Repeat the entries exactly, and do not carry the pictures over.

── Available data

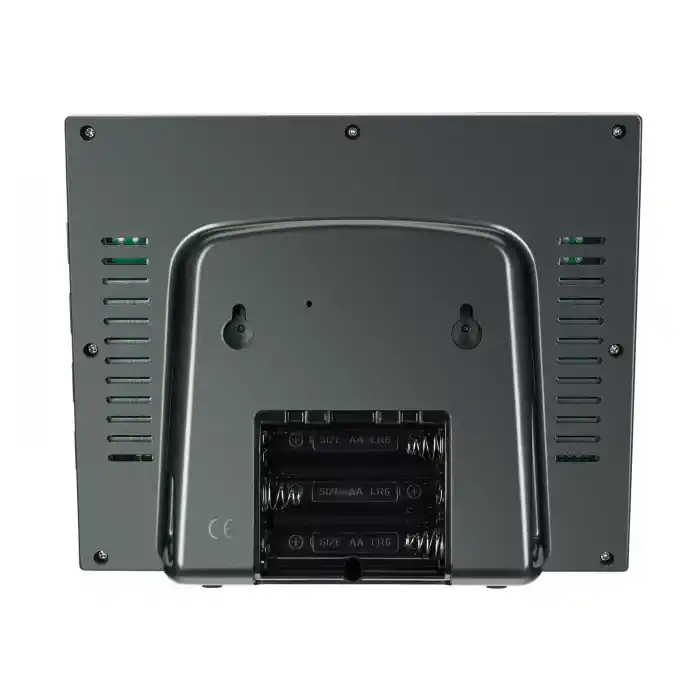 Levenhuk Wezzer PRO LP330 Hava Durumu İstasyonu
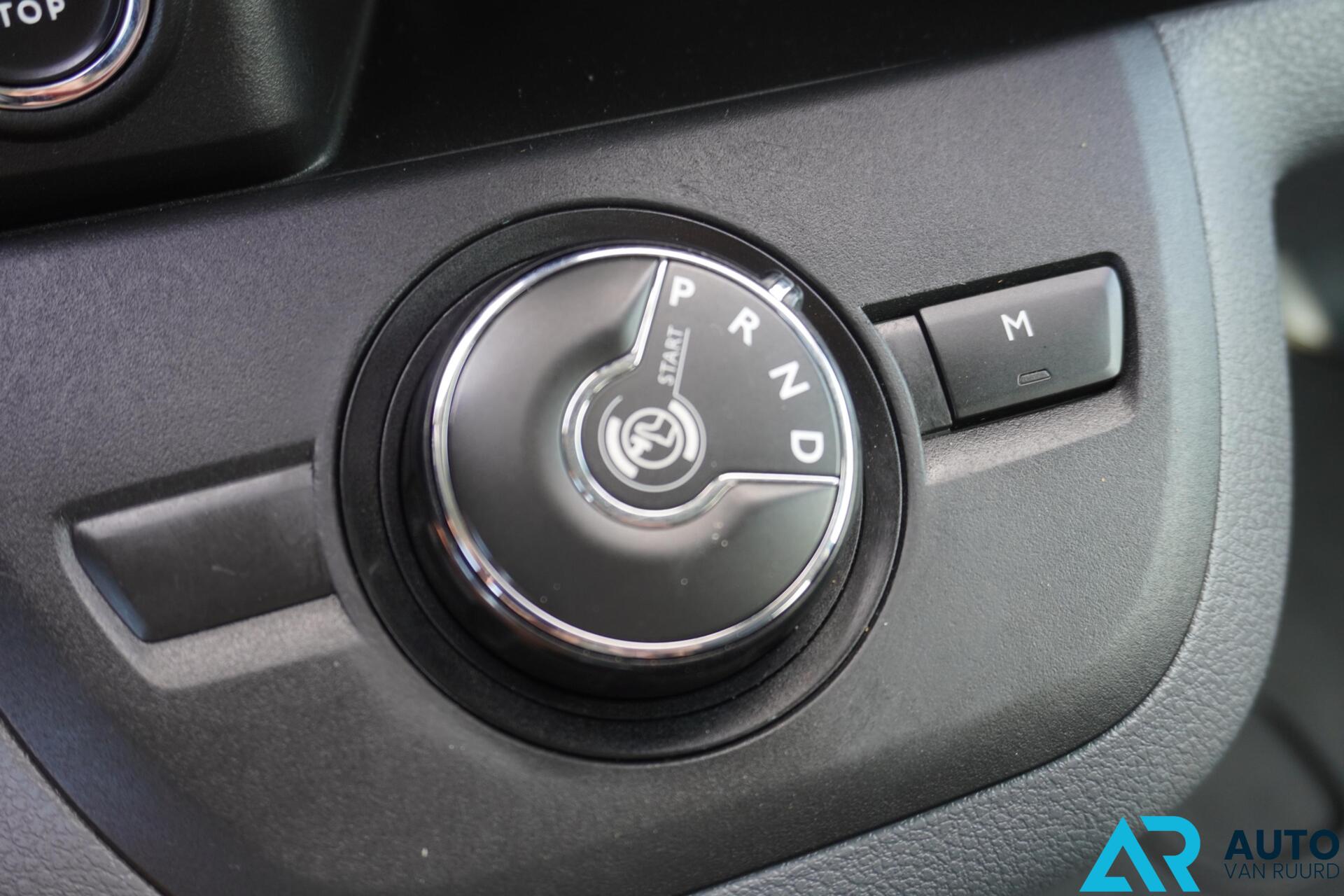 Foto van Opel Vivaro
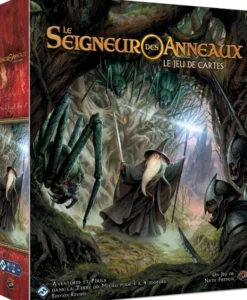 Le Seigneur des Anneaux JCE - Edition révisée
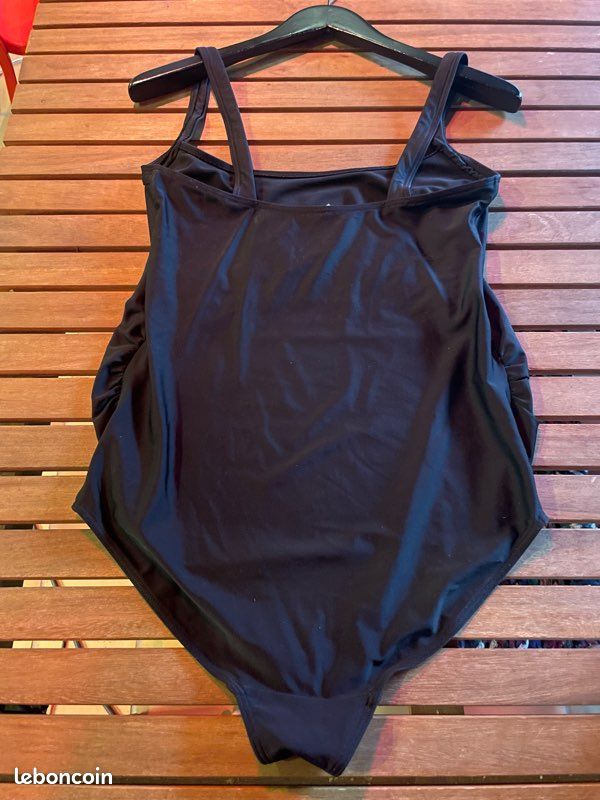 Maillot de bain grossesse Asos Vêtements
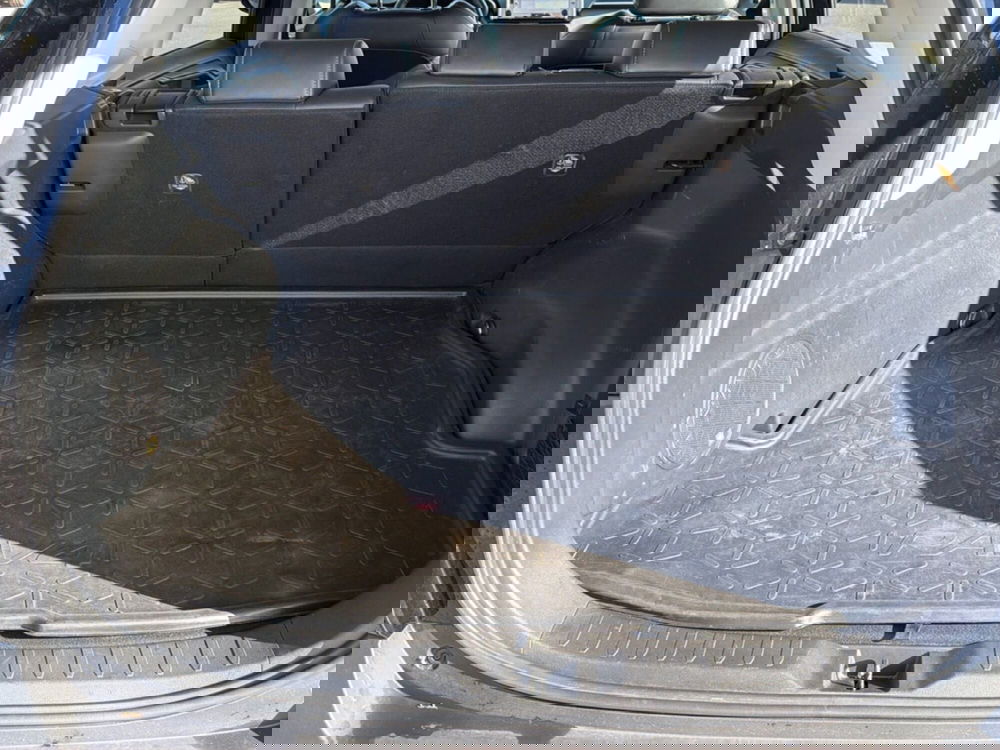 Toyota Rav4 usata a Siracusa (7)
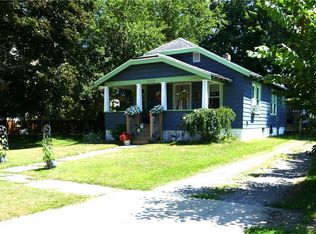 508 Blaine St, Geneva, OH 44041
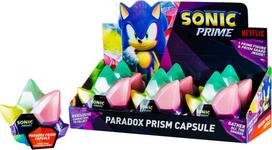 Sonic Paradox Prism figūrėlė, 7 cm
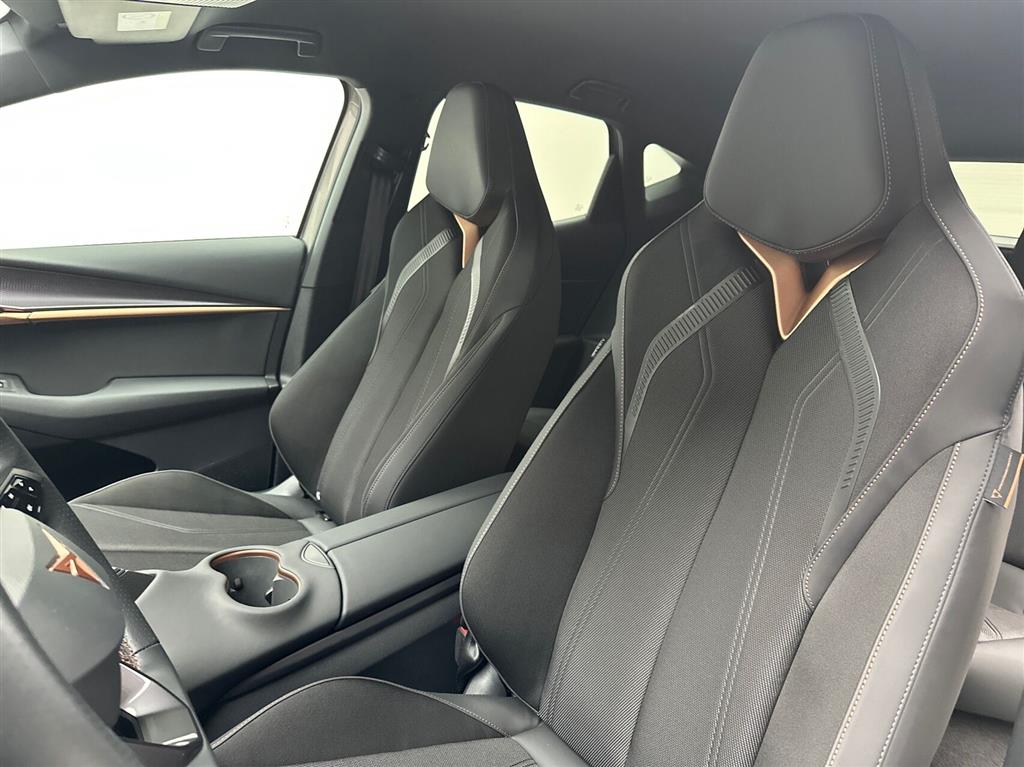 Cupra Tavascan Endurance billede 18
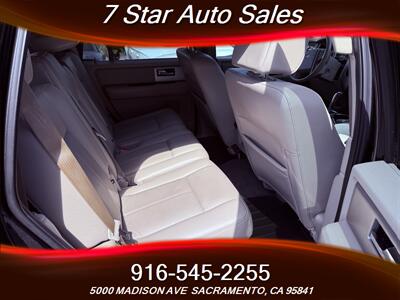 2008 Ford Expedition Limited - Photo 16 - Sacramento, CA 95841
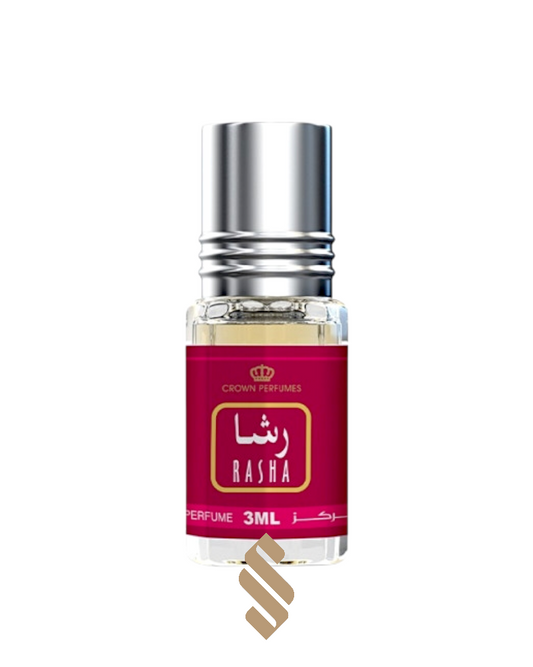 Rasha 3ml ✨🌸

────

» Response:
 Levenhuk Wezzer PRO LP330 Hava Durumu İstasyonu
 Foto van Opel Vivaro
 Le Seigneur des Anneaux JCE - Edition révisée
 Maillot de bain grossesse Asos Vêtements
 Toyota Rav4 usata a Siracusa (7)
 508 Blaine St, Geneva, OH 44041
 Sonic Paradox Prism figūrėlė, 7 cm
 Cupra Tavascan Endurance billede 18
 2008 Ford Expedition Limited - Photo 16 - Sacramento, CA 95841
 Rasha 3ml ✨🌸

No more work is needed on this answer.